→ **WHAT IS REQUIRED**: Below this line is a listing that includes pictures. Copy exactly, and only, the lines from the one containing "25.04.2026 - Das" through the one containing "Used 2019 Freightliner"; the pictures do not go in the copy.

═════ EXCERPTED DATA

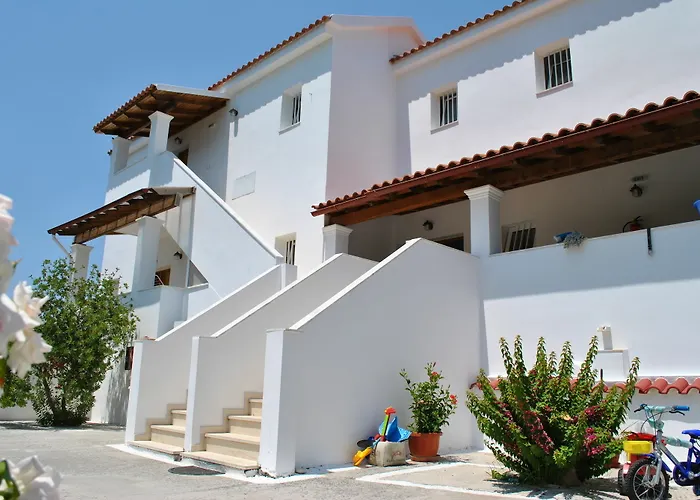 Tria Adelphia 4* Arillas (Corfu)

══════════
═════ EXCERPTED DATA

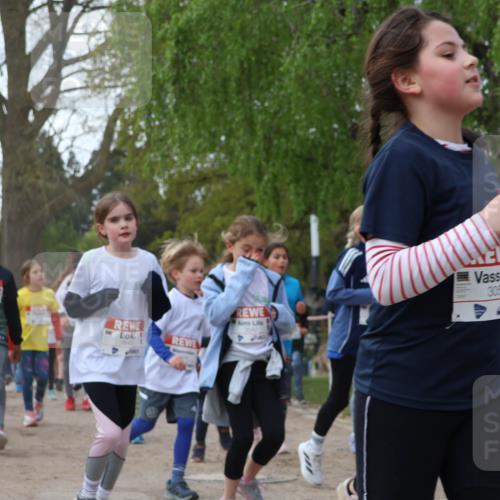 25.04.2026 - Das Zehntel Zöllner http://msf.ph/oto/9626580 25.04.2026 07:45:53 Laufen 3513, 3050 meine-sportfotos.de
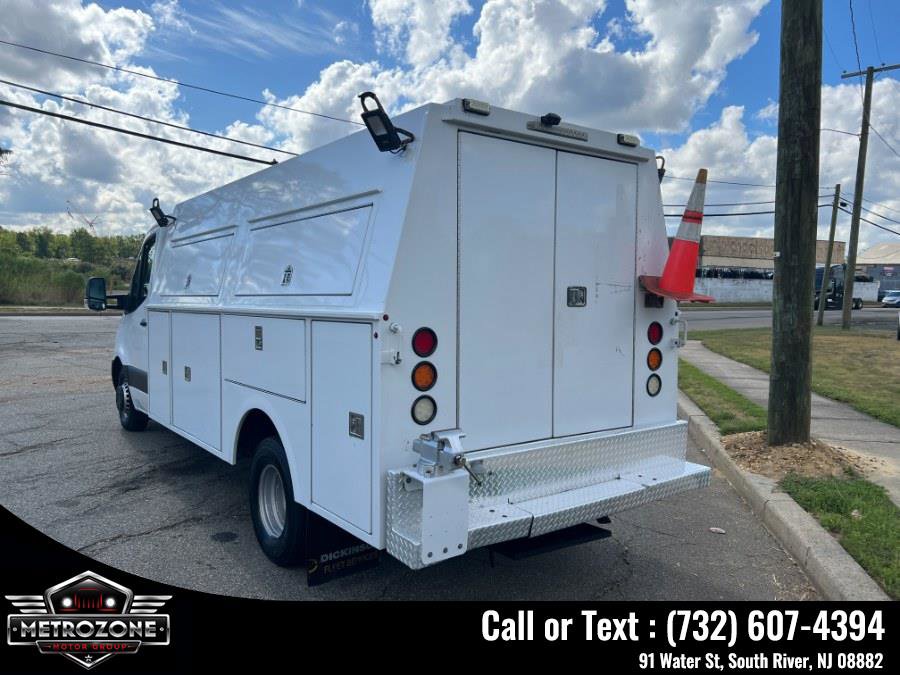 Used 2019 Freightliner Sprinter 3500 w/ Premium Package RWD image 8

══════════
═════ EXCERPTED DATA

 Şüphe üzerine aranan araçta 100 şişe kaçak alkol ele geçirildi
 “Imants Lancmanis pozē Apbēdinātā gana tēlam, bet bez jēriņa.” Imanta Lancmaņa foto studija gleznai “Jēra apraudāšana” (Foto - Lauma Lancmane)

══════════

→ **ANSWER SPACE**:
 25.04.2026 - Das Zehntel Zöllner http://msf.ph/oto/9626580 25.04.2026 07:45:53 Laufen 3513, 3050 meine-sportfotos.de
 Used 2019 Freightliner Sprinter 3500 w/ Premium Package RWD image 8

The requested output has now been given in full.